3.18.3 ARC Options

The following options control the architecture variant for which code is being compiled:

-mbarrel-shifter
Generate instructions supported by barrel shifter. This is the default unless -mcpu=ARC601 or ‘ -mcpu=ARCEM ’ is in effect.
-mcpu= cpu
Set architecture type, register usage, and instruction scheduling parameters for cpu . There are also shortcut alias options available for backward compatibility and convenience. Supported values for cpu are
ARC600
arc600
Compile for ARC600. Aliases: -mA6 , -mARC600 .
ARC601
arc601
Compile for ARC601. Alias: -mARC601 .
ARC700
arc700
Compile for ARC700. Aliases: -mA7 , -mARC700 . This is the default when configured with --with-cpu=arc700 .
ARCEM
arcem
Compile for ARC EM.
ARCHS
archs
Compile for ARC HS.

-mdpfp
-mdpfp-compact
FPX: Generate Double Precision FPX instructions, tuned for the compact implementation.
-mdpfp-fast
FPX: Generate Double Precision FPX instructions, tuned for the fast implementation.
-mno-dpfp-lrsr
Disable LR and SR instructions from using FPX extension aux registers.
-mea
Generate Extended arithmetic instructions. Currently only divaw , adds , subs , and sat16 are supported. This is always enabled for -mcpu=ARC700 .
-mno-mpy
Do not generate mpy instructions for ARC700.
-mmul32x16
Generate 32x16 bit multiply and mac instructions.
-mmul64
Generate mul64 and mulu64 instructions. Only valid for -mcpu=ARC600 .
-mnorm
Generate norm instruction. This is the default if -mcpu=ARC700 is in effect.
-mspfp
-mspfp-compact
FPX: Generate Single Precision FPX instructions, tuned for the compact implementation.
-mspfp-fast
FPX: Generate Single Precision FPX instructions, tuned for the fast implementation.
-msimd
Enable generation of ARC SIMD instructions via target-specific builtins. Only valid for -mcpu=ARC700 .
-msoft-float
This option ignored; it is provided for compatibility purposes only. Software floating point code is emitted by default, and this default can overridden by FPX options; ‘ mspfp ’, ‘ mspfp-compact ’, or ‘ mspfp-fast ’ for single precision, and ‘ mdpfp ’, ‘ mdpfp-compact ’, or ‘ mdpfp-fast ’ for double precision.
-mswap
Generate swap instructions.
-matomic
This enables Locked Load/Store Conditional extension to implement atomic memopry built-in functions. Not available for ARC 6xx or ARC EM cores.
-mdiv-rem
Enable DIV/REM instructions for ARCv2 cores.
-mcode-density
Enable code density instructions for ARC EM, default on for ARC HS.
-mll64
Enable double load/store operations for ARC HS cores.
-mmpy-option= multo
Compile ARCv2 code with a multiplier design option. ‘ wlh1 ’ is the default value. The recognized values for multo are:
0
No multiplier available.
1
The multiply option is set to w: 16x16 multiplier, fully pipelined. The following instructions are enabled: MPYW, and MPYUW.
2
The multiply option is set to wlh1: 32x32 multiplier, fully pipelined (1 stage). The following instructions are additionally enabled: MPY, MPYU, MPYM, MPYMU, and MPY_S.
3
The multiply option is set to wlh2: 32x32 multiplier, fully pipelined (2 stages). The following instructions are additionally enabled: MPY, MPYU, MPYM, MPYMU, and MPY_S.
4
The multiply option is set to wlh3: Two 16x16 multiplier, blocking, sequential. The following instructions are additionally enabled: MPY, MPYU, MPYM, MPYMU, and MPY_S.
5
The multiply option is set to wlh4: One 16x16 multiplier, blocking, sequential. The following instructions are additionally enabled: MPY, MPYU, MPYM, MPYMU, and MPY_S.
6
The multiply option is set to wlh5: One 32x4 multiplier, blocking, sequential. The following instructions are additionally enabled: MPY, MPYU, MPYM, MPYMU, and MPY_S.

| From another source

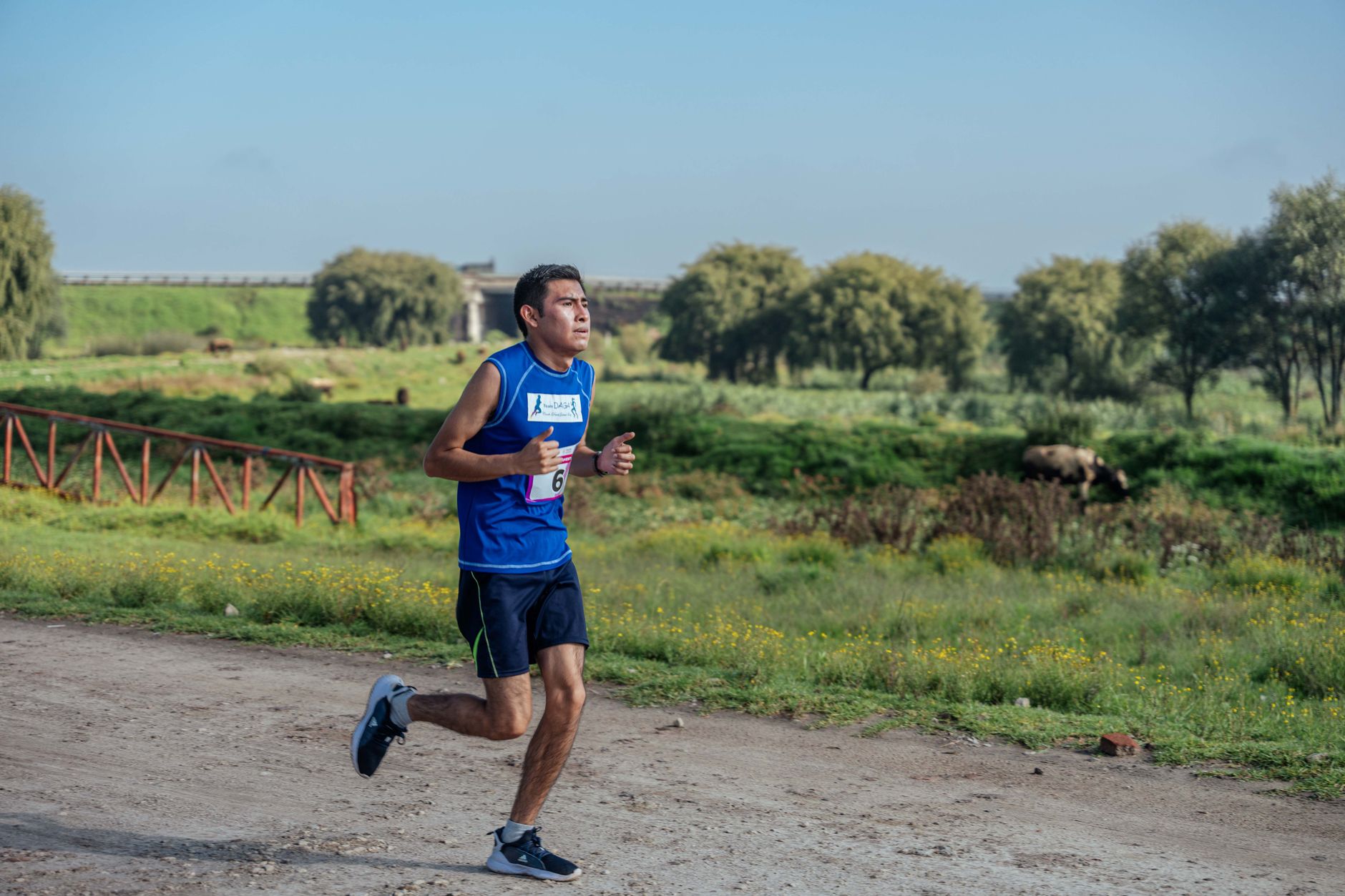 Exhausted endurance runner pushing through physical limits during a race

This option is only available for ARCv2 cores.

-mfpu= fpu
Enables specific floating-point hardware extension for ARCv2 core. Supported values for fpu are:
fpus
Enables support for single precision floating point hardware extensions.
fpud
Enables support for double precision floating point hardware extensions. The single precision floating point extension is also enabled. Not available for ARC EM.
fpuda
Enables support for double precision floating point hardware extensions using double precision assist instructions. The single precision floating point extension is also enabled. This option is only available for ARC EM.
fpuda_div
Enables support for double precision floating point hardware extensions using double precision assist instructions, and simple precision square-root and divide hardware extensions. The single precision floating point extension is also enabled. This option is only available for ARC EM.
fpuda_fma
Enables support for double precision floating point hardware extensions using double precision assist instructions, and simple precision fused multiple and add hardware extension. The single precision floating point extension is also enabled. This option is only available for ARC EM.
fpuda_all
Enables support for double precision floating point hardware extensions using double precision assist instructions, and all simple precision hardware extensions. The single precision floating point extension is also enabled. This option is only available for ARC EM.
fpus_div
Enables support for single precision floating point, and single precision square-root and divide hardware extensions.
fpud_div
Enables support for double precision floating point, and double precision square-root and divide hardware extensions. This option includes option ‘ fpus_div ’. Not available for ARC EM.
fpus_fma
Enables support for single precision floating point, and single precision fused multiple and add hardware extensions.
fpud_fma
Enables support for double precision floating point, and double precision fused multiple and add hardware extensions. This option includes option ‘ fpus_fma ’. Not available for ARC EM.
fpus_all
Enables support for all single precision floating point hardware extensions.
fpud_all
Enables support for all single and double precision floating point hardware extensions. Not available for ARC EM.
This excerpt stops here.